**Records provided**:
__________

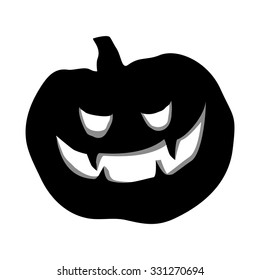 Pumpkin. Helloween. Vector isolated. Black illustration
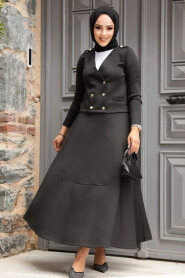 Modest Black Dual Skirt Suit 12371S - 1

__________

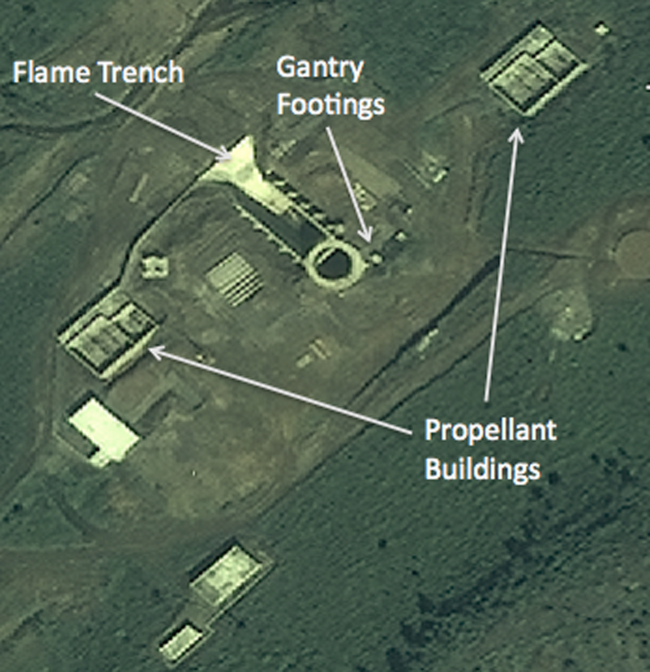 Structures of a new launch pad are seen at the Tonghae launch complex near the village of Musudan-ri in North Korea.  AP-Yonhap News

__________

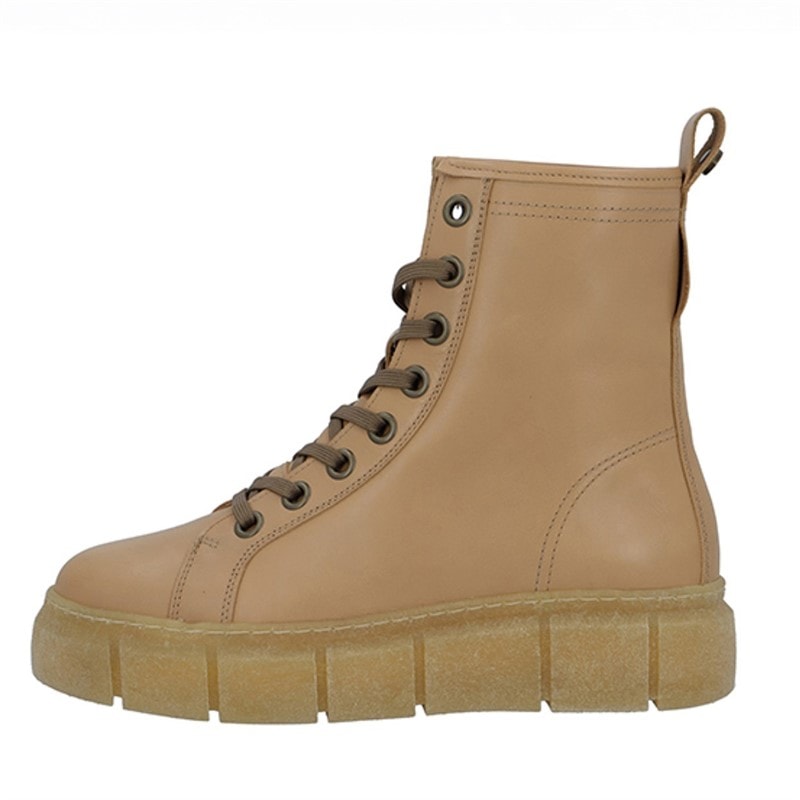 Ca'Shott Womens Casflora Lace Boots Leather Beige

__________

**How to complete this task**:
From the listing above, repeat only the lines between the line containing "Pumpkin. Helloween. Vector" and the line containing "Modest Black Dual Skirt Suit 12371S - 1", those two included. Pictures are not part of the copy.

**Result**:
 Pumpkin. Helloween. Vector isolated. Black illustration
 Modest Black Dual Skirt Suit 12371S - 1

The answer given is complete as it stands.